Ibnu Mas’ud kemudian mengatakan...

قَالَ فَوَالَّذِي نَفْسِي بِيَدِهِ، لَقَدْ رَأَيْتُ الَّذِينَ عَدَّ رَسُولُ اللَّهِ صلى الله عليه وسلم صَرْعَى فِي الْقَلِيبِ قَلِيبِ بَدْرٍ
“Demi Allah yang jiwaku di tanganNya! Sungguh aku telah melihat orang-orang yang disebutkan oleh Rasulullah Shallallahu ‘alaihi wasallam tewas mengenaskan di Al Qalib, yaitu pada perang Badar”.[3]

Selain itu Abu Jahal juga berusaha menghalang-halangi beliau dari melakukan shalat di Masjidil Haram. Suatu ketika, ketika melihat Rasulullah sedang shalat di maqam Ibrahim, Abu Jahal demikian murka. Dengan suara keras dia membentak Rasulullah,

“Wahai Muhammad! Bukankah sudah aku larang engkau melakukan ini?"

“Wahai Muhammad! Dengan apa engkau akan mengancamku?Demi Allah! bukankah sesungguhnya aku adalah orang yang paling banyak pengikutnya di lembah Makkah ini?”

Maka kemudian Allah menurunkan firman-Nya,

فَلْيَدْعُ نَادِيَهُ (17) سَنَدْعُ الزَّبَانِيَةَ
"Maka biarkanlah dia memanggil golongannya (untuk menolongnya). Kelak Kami akan memanggil malaikat Zabaniyah."(Al Alaq: 17-18)[4]

Menurut suatu riwayat, Nabi kemudian memegang kerah baju musuh Allah (yaitu Abu Jahal), kemudian berkata kepadanya,

{أَوْلَى لَكَ فَأَوْلَى ثُمَّ أَوْلَى لَكَ فَأَوْلَى}
Kecelakaanlah bagimu dan kecelakaanlah bagimu, kemudian kecelakaanlah bagimu dan kecelakaanlah bagimu.

Maka musuh Allah alias Abu Jahal menjawab,

أَتُوعِدُنِي يَا مُحَمَّدُ؟ وَاللَّهِ لَا تَسْتَطِيعُ أَنْتَ وَلَا رَبُّكَ شَيْئًا، وَإِنِّي لَأَعَزُّ مَنْ مَشَى بَيْنَ جَبَلَيْهَا.
"Apakah engkau mengancamku, hai Muhammad?
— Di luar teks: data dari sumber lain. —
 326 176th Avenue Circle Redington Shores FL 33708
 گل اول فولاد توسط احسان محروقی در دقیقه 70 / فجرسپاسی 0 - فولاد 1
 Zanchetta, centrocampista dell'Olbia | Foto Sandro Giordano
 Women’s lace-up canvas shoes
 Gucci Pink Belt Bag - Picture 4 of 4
Demi Allah, kamu tidak akan mampu dan begitu pula Rabbmu untuk berbuat sesuatu pun terhadap diriku, karena sesungguhnya aku benar-benar orang yang paling perkasa yang menghuni lembah di antara kedua bukit ini." [5]
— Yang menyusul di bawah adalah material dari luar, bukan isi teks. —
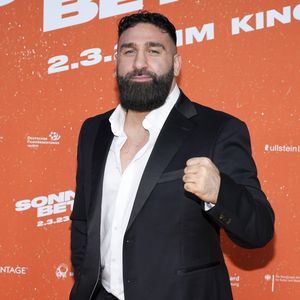 Sinan-G enthüllt seine früheren Suizidgedanken im Livestream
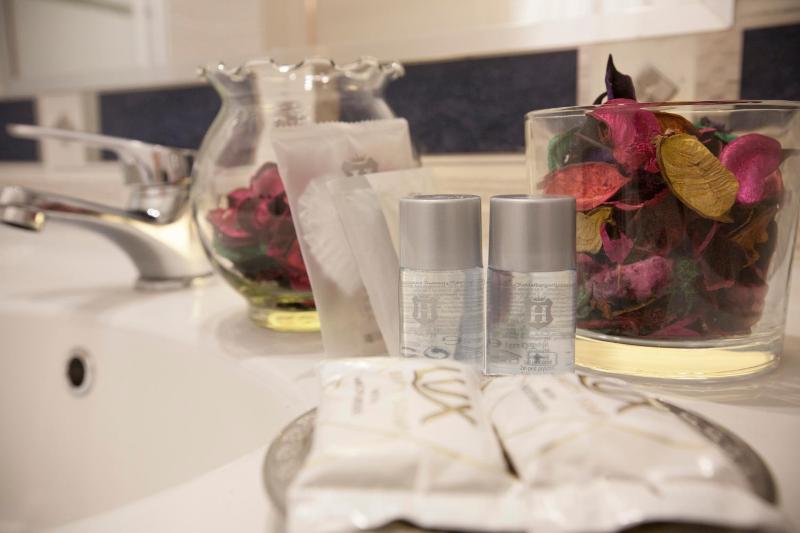 Double or Twin Room image 2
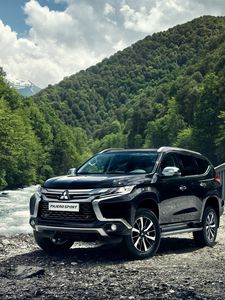 Превью обои mitsubishi pajero, внедорожник, горы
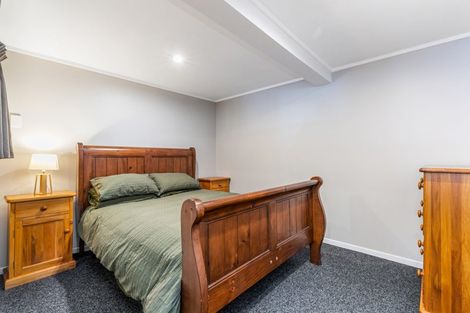 Photo of property in 18 Temuri Place, Glendene, Auckland, 0602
Diriwayatkan pula oleh Al Imam Muslim dalam Shahihnya,

قَالَ أَبُو جَهْلٍ: هَلْ يُعَفِّرُ مُحَمَّدٌ وَجْهَهُ بَيْنَ أَظْهُرِكُمْ؟ قَالَ فَقِيلَ: نَعَمْ، فَقَالَ: وَاللَّاتِ وَالْعُزَّى لَئِنْ رَأَيْتُهُ يَفْعَلُ ذَلِكَ لَأَطَأَنَّ عَلَى رَقَبَتِهِ، أَوْ لَأُعَفِّرَنَّ وَجْهَهُ فِي التُّرَابِ، قَالَ: فَأَتَى رَسُولَ اللهِ صَلَّى اللهُ عَلَيْهِ وَسَلَّمَ وَهُوَ يُصَلِّي، زَعَمَ لِيَطَأَ عَلَى رَقَبَتِهِ، قَالَ: فَمَا فَجِئَهُمْ مِنْهُ إِلَّا وَهُوَ يَنْكُصُ عَلَى عَقِبَيْهِ وَيَتَّقِي بِيَدَيْهِ، قَالَ: فَقِيلَ لَهُ: مَا لَكَ؟ فَقَالَ: إِنَّ بَيْنِي وَبَيْنَهُ لَخَنْدَقًا مِنْ نَارٍ وَهَوْلًا وَأَجْنِحَةً، فَقَالَ رَسُولُ اللهِ صَلَّى اللهُ عَلَيْهِ وَسَلَّمَ: «لَوْ دَنَا مِنِّي لَاخْتَطَفَتْهُ الْمَلَائِكَةُ عُضْوًا عُضْوًا»
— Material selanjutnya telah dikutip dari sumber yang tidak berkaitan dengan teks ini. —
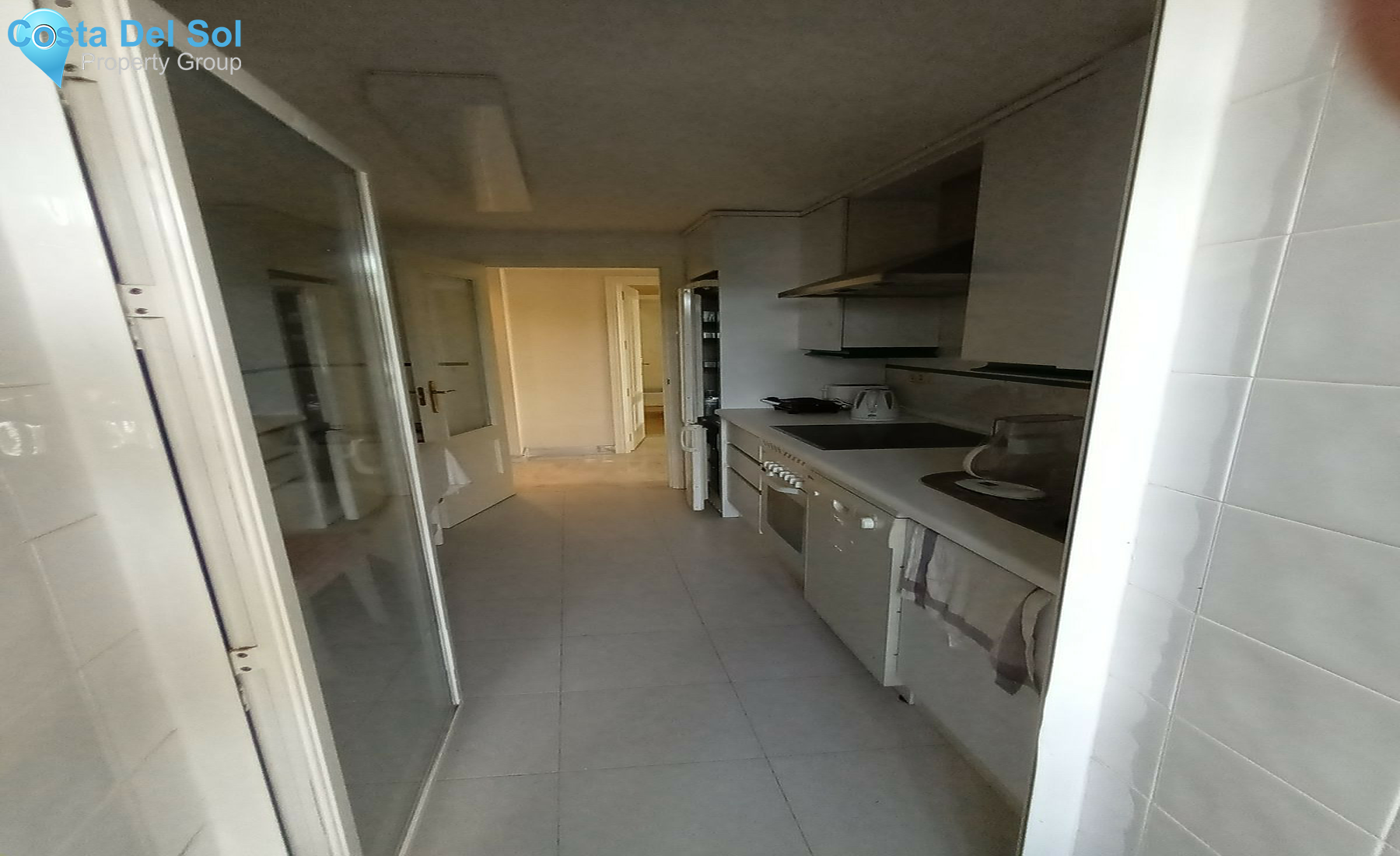 Middle Floor Apartment in Nueva Andalucía-1536239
Abu Jahal berkata, “Apakah kalian sudah melihat Muhammad menggosok-gosokan kepalanya di tanah (maksudnya bersujud –WMB) di tengah-tengah kalian?”

“Iya, dia sedang melakukannya.”

Kata Abu Jahal, “Demi Latta, ‘Uzza, bila aku melihatnya melakukan seperti itu, aku akan menginjak lehernya atau aku akan benamkan wajahnya di tanah.”

Kemudian Abu Jahal pun mendatangi Rasulullah shallallahu alaihi wasallam saat beliau tengah shalat. Dia hendak menginjak leher beliau.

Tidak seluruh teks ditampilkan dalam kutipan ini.